In grade school and junior high I basked in the glory of being the School Artist.  But my high school art teacher disliked me when he found out I was also in the band.  I was into realism; he was into abstraction (it was the late 60's).  He was fat and he made whistling noises through his nose.   Totally grossed me out.  "You can't do BOTH music and art!" he declared, hairy nostrils flaring.  So I quit art.  Went to college and majored in music.  Wore a sparkly, fringed dress and played sax in a traveling band after college.  Got a job on the assembly line at Ford.  During the Big Layoff of 1980 somebody loaned me a copy of Betty Edwards' "Drawing on the Right Side of the Brain".  It changed my life.  I saw the improvements the high school kids achieved and thought hell -- if they can do it, so can I!

Thus, the Monster was created.  I signed up for some workshops at Scottsdale Artists School and most recently, a workshop at Scott Christensen's, near Jackson Hole.  Probably the two best, most influential teachers I've had are Clyde Aspevig and Scott Christensen (and Betty Edwards, of course!).  I'm also a great admirer of the work of Janet Fish.

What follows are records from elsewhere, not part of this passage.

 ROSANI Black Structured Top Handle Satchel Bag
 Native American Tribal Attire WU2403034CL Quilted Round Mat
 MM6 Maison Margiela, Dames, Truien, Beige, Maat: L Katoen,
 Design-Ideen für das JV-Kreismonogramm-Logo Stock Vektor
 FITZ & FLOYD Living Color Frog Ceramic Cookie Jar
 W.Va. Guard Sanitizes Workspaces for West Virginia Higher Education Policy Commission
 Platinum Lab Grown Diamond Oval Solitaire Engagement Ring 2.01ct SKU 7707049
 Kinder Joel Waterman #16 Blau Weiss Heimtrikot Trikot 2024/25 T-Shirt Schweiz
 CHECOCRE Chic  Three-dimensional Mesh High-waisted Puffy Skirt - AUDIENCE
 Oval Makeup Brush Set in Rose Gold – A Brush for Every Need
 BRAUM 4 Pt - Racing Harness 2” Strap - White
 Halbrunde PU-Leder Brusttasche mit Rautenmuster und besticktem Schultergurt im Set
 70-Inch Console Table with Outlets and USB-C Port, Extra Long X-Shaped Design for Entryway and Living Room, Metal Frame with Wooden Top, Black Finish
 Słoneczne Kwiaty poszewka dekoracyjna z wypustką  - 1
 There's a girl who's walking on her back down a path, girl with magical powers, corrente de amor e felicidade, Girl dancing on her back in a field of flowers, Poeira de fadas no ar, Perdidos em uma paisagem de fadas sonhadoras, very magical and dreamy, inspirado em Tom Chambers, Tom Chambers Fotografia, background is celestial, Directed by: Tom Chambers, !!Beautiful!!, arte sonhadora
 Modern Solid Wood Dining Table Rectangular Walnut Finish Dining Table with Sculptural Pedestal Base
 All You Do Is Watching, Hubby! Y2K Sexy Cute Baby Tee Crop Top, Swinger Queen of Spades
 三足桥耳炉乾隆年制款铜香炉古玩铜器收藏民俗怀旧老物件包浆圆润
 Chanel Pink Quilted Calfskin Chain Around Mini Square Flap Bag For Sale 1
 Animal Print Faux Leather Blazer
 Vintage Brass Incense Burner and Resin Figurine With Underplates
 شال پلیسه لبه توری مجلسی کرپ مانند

Thank goodness the assembly line days are long gone, but they taught me how to persevere.  I love a good challenge.  When I set up still lifes I'm always trying to make them as challenging as possible.  I also love doing plein air landscapes.  Bouncing back and forth between the bright colors of studio still lifes and the more sedate (sometimes "sour owl" colors) of plein air landscapes is a nice, refreshing balance for me.